Parodia ottonis, also known as Indian head cactus, is a species of flowering plant in the family Cactaceae. This cactus species is found in Argentina, Brazil, Paraguay and Uruguay. There are two recognized subspecies. The epithet ottonis honors the German botanist Christoph Friedrich Otto.

==Description==
The plant at first grows individually and later forms groups. The light to dark green or blue-green spherical shoots are often tapered towards the base. They reach diameters of 3 to 15 centimeters. The six to 16 distinct ribs are rounded or sharp-edged. There are usually only a few areoles on each rib. The bristle-like thorns that spring from them are straight, curved or twisted. The one to four central spines are brownish, reddish brown or yellowish and have a length of 0.8 to 4 centimeters. The four to 15 spines are whitish to yellowish or brownish and 0.5 to 3 centimeters long.

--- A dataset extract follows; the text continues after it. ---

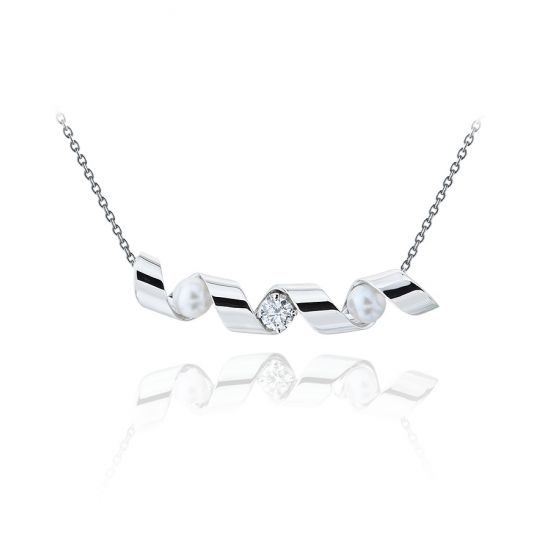 Collana Smile con Diamanti e Perle di Mare - Collezione Ruban, Ingrandisci immagine 1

The usually yellow flowers, rarely orange-red or red, reach lengths of 5 to 6 centimeters and would appear in late summer. Its flower tube is covered with brownish wool and bristles. The scars are dark red. The thick-walled egg-shaped to short cylindrical fruits tear open. They have diameters from 0.9 to 1.3 centimeters. The fruits contain, often very numerous, bell-shaped, glossy black seeds, which are strongly humped.

==Range==
Parodia ottonis is common in southern Brazil, southern Paraguay, Uruguay, and northeastern Argentina.

==Taxonomy==
The first description as Cactus ottonis by Johann Georg Christian Lehmann was published in 1827. Nigel Paul Taylor presented the type 1987 in the genus Parodia. Other nomenclatural synonyms are Echinocactus ottonis (Lehm.) Link & Otto (1830), Malacocarpus ottonis (Lehm.) Britton & Rose (1922), Notocactus ottonis (Lehm.) A.Berger (1929) and Peronocactus ottonis (Lehm.)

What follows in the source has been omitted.